──────── Entries provided

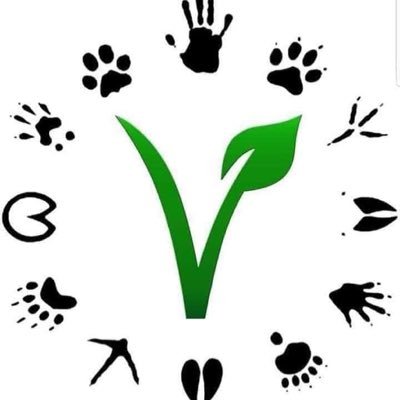 MoPatching's profile picture. 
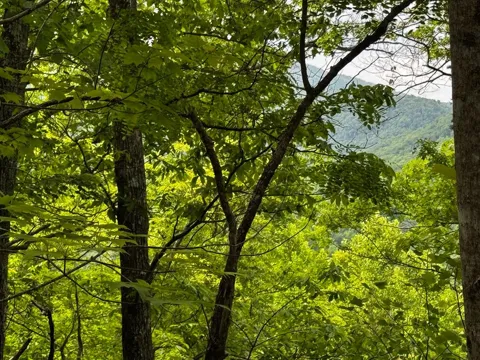#6 Pounding Mill Overlook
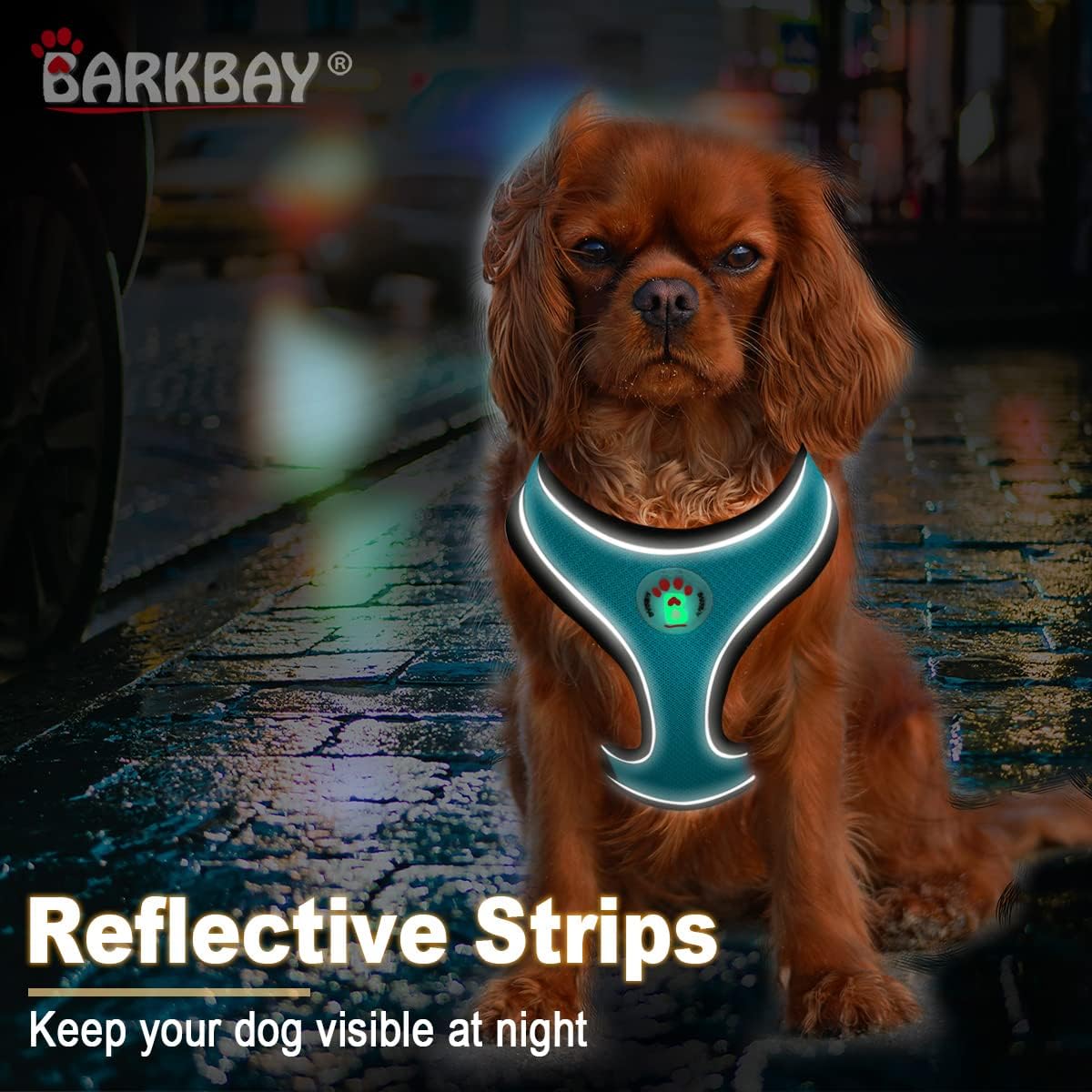 BARKBAY Reflective Breathable Soft Air Mesh No Pull Puppy Dog Vest Harness(Blue,S)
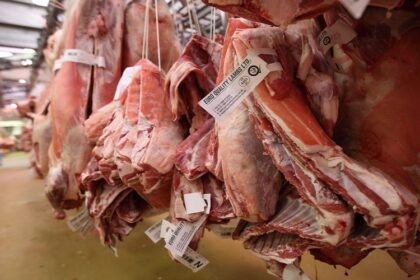 Filière viande Arabie Saoudite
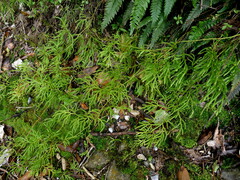 Lycopodium volubile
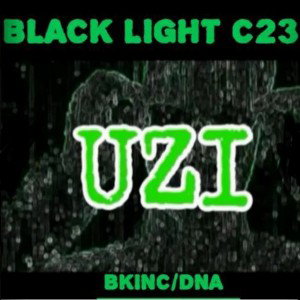 C23-UZI (SPRAY THE BLOCK)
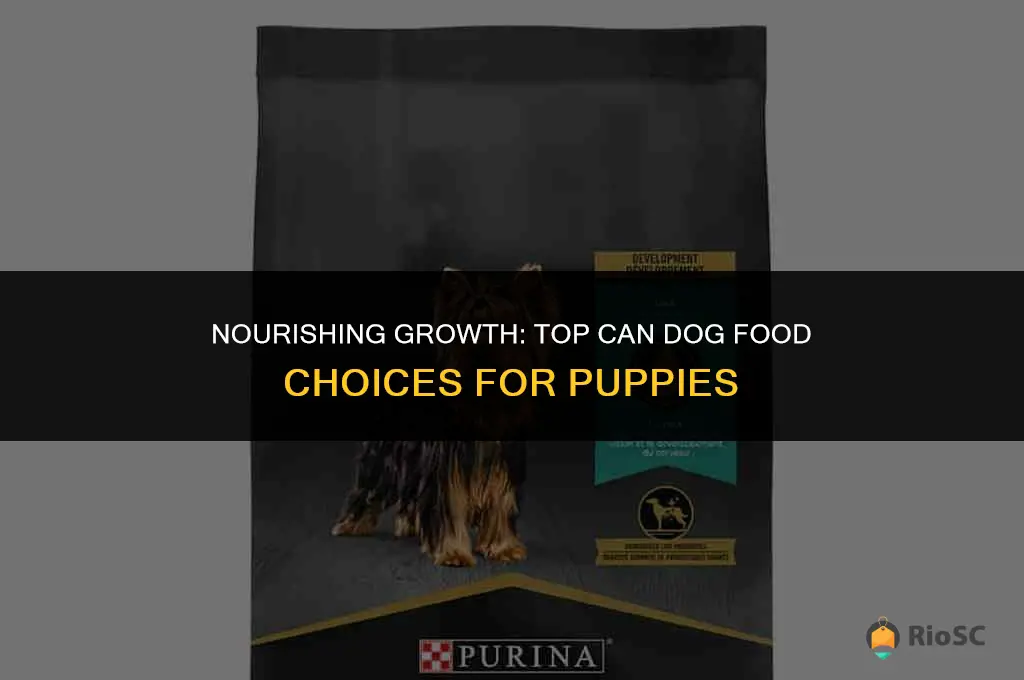 best can dog food for puppies
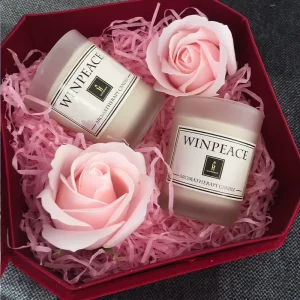 Multi-Fragrance Handmade Soy Wax Scented Candle Gift Set in Jar for Home and Office Decor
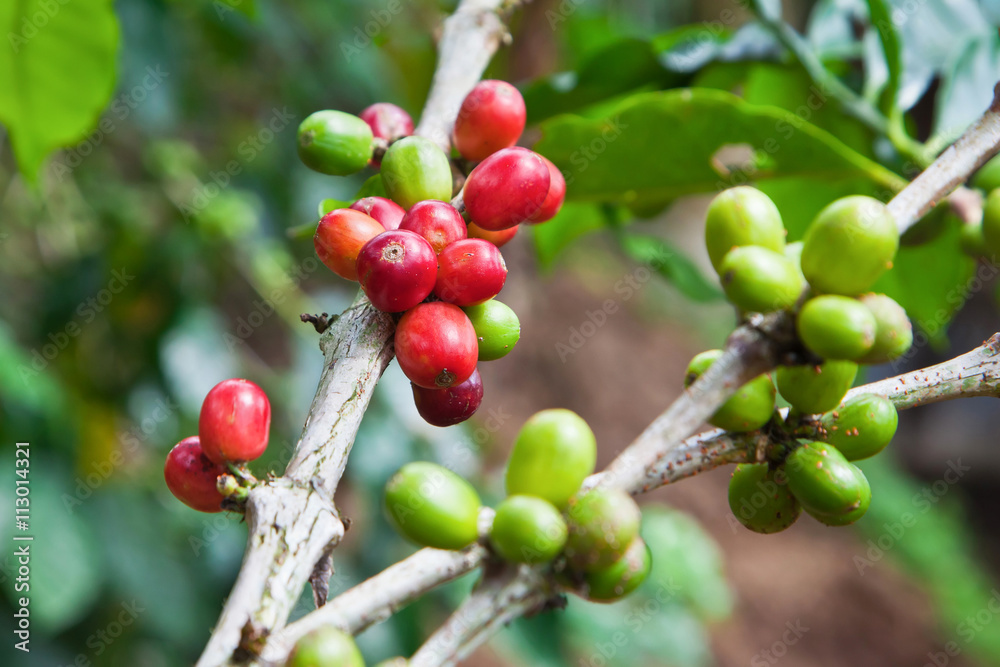 Coffee tree with ripe berries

────────────────

Exercise requirements: Please transcribe exactly the lines from the one containing "Filière viande Arabie Saoudite" through the final line of the data, including both, and nothing else. Pictures are to be left out.

Output of the task:
 Filière viande Arabie Saoudite
 Lycopodium volubile
 C23-UZI (SPRAY THE BLOCK)
 best can dog food for puppies
 Multi-Fragrance Handmade Soy Wax Scented Candle Gift Set in Jar for Home and Office Decor
 Coffee tree with ripe berries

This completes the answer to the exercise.